System Calls (Linux/Unix Kernel)

System Calls
In simple words, it is a call from the user application to the Operating System to do some work for it.

Why do we need a System Call?
A very common example is reading a document from the hard disk.
To read the document from the scsi disk, you must know about the hardware details of disk. You need to program its controller so that you can pass scsi read command to it and tell the controller that you want to read a specific block. You must know the device specific protocol  (like scsi) so that you can talk to the disk. Overall it will be a nightmare for the user to do a simple read/write from the disk.
Solution is let the operating system (linux/unix/windows) do it for you. All operating systems have a driver code for any hardware device (disk, mouse, keyboard, memory, ethernet card etc) attached to the system. The driver code knows how to talk to the hardware devices.
So, application/user can simply make a call to the system saying “Hey ! can you please do this for me”.

How to make a System Call ?
Unix/Linux systems include various standard libraries that provide various APIs to the users. These APIs are defined by the POSIX standard. The advantage of using these standard APIs is that these are available on all unix systems which makes the application portable.
These APIs in turn call the platform specific system calls. These systems calls are generally a part of standard C library libc and are typically written in Assembly language. These are highly system dependent (both OS and processor specific).
A user program can make a system-call directly but it is not advisable to do so as these system calls may vary from system to system. There’s no guarantee that a system call present on one system (say HP-UX) will also be present on a different system (say Solaris). But, the APIs defined by POSIX are guaranteed to be present on all POSIX compliant systems.

Typically the flow is as follows:
Application ----> POSIX library APIs (fread) ----> System Call (read)

How System Call works
The purpose of system call is to transfer control from user application to operating system. User application cannot directly call kernel functions as the kernel has protected address space which is essential for system stability and security.
A processor provides certain instructions (like “int 0x80” on i386, “sc” on PowerpC) which are used to tarnsfer the control from user to kernel.
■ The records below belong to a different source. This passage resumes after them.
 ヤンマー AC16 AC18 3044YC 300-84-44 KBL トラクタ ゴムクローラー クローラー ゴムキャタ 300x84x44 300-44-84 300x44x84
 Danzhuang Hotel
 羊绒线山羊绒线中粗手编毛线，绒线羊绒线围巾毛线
When a user program execute these instructions, an exception is taken which changes the processor mode from user to kernel. The Program counter is changed so as to execute the exception handler at a specific location. The exception handler is nothing but the system call handler in kernel. This can then invoke appropriate driver code to interact with hardware.



System Call Number and Arguments
Typically there are 100s of different system calls to do different kinds of tasks. All of them execute the same instruction (“int 0x80” on i386,  “sc” on PowerPC). So, user must tell the kernel that which system call is being made. This is done by assigning a unique number to each system call.
Every processor specify an Appilication Binary Interface (ABI) that describes the low level interface between and application and operating system. The ABI describes how the system call number and arguments etc should be passed to OS. They also define how the OS will tell the user if the system call was executed successfully or not. This is done typicallly by passing the error number in a specific register.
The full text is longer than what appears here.